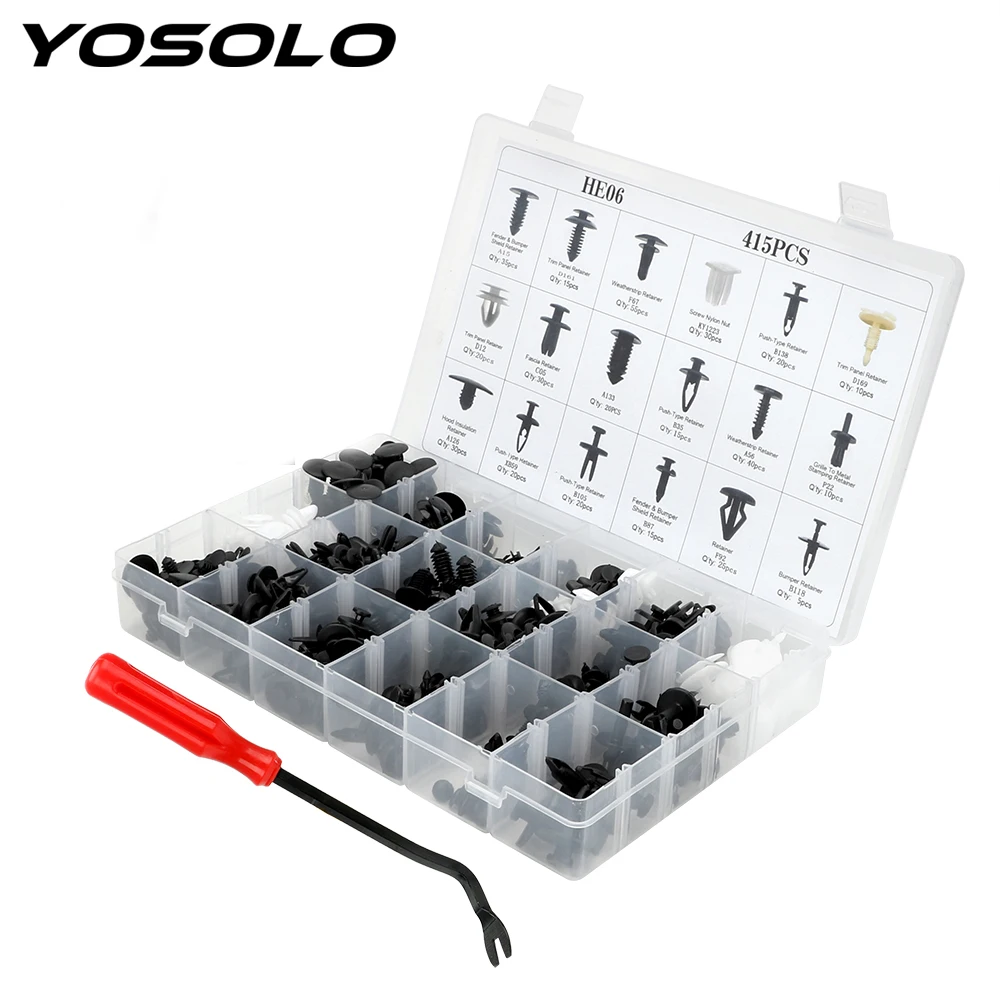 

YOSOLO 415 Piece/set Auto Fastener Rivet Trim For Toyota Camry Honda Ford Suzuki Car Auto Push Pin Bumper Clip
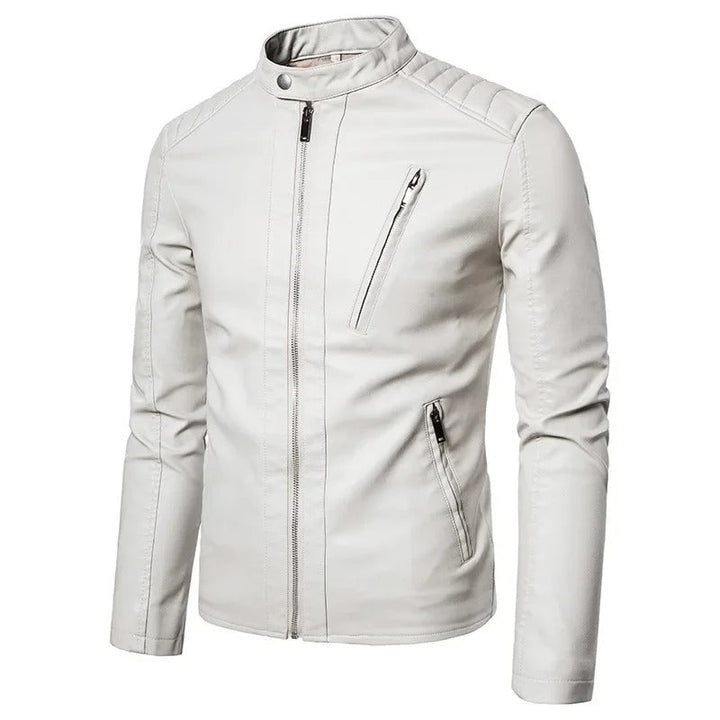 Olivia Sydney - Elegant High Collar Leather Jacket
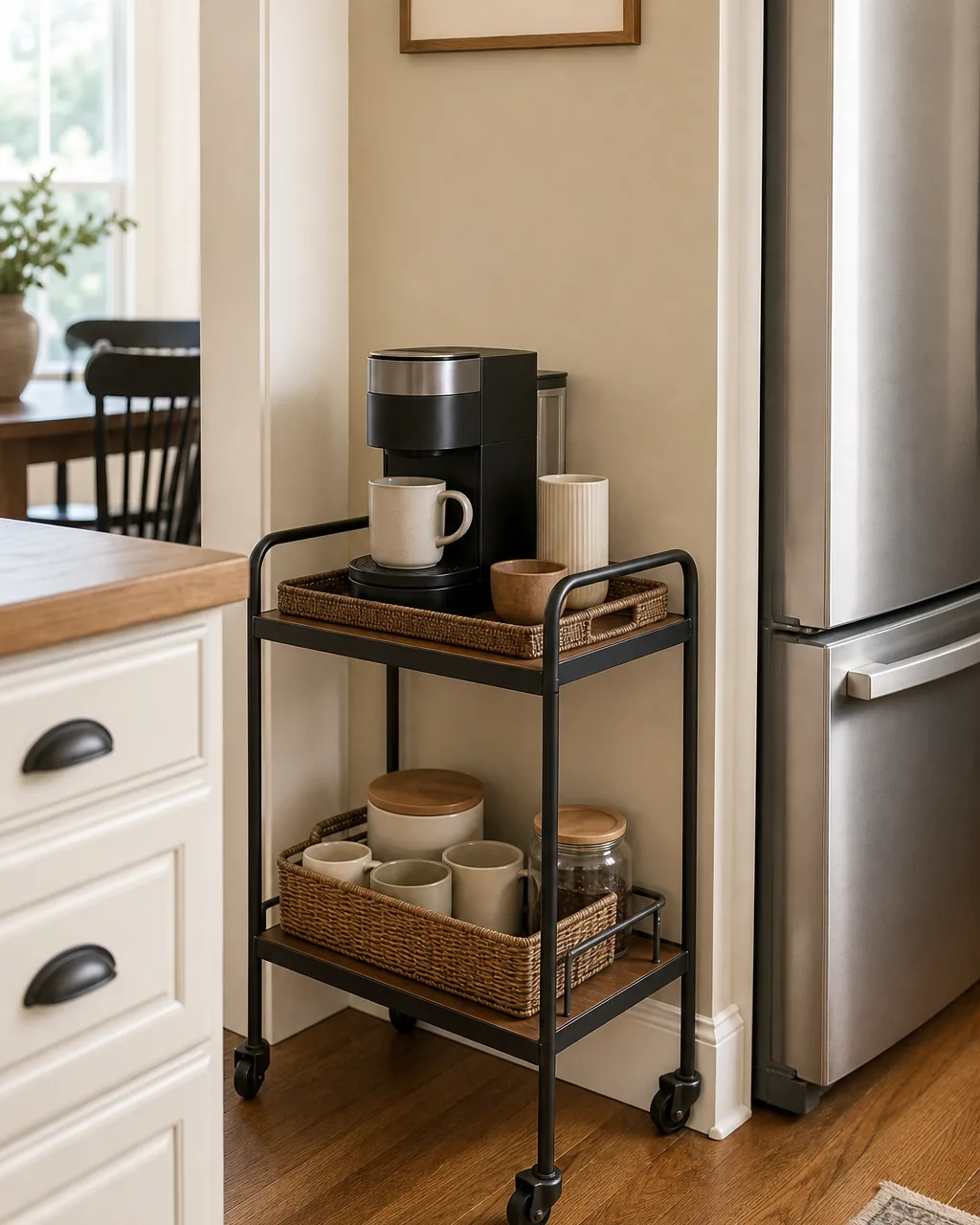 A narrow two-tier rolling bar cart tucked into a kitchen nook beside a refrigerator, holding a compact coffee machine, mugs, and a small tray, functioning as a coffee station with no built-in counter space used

**Directions:** Please write out the whole listing exactly, but not the pictures in it.

**Exercise result:**
YOSOLO 415 Piece/set Auto Fastener Rivet Trim For Toyota Camry Honda Ford Suzuki Car Auto Push Pin Bumper Clip
 Olivia Sydney - Elegant High Collar Leather Jacket
 A narrow two-tier rolling bar cart tucked into a kitchen nook beside a refrigerator, holding a compact coffee machine, mugs, and a small tray, functioning as a coffee station with no built-in counter space used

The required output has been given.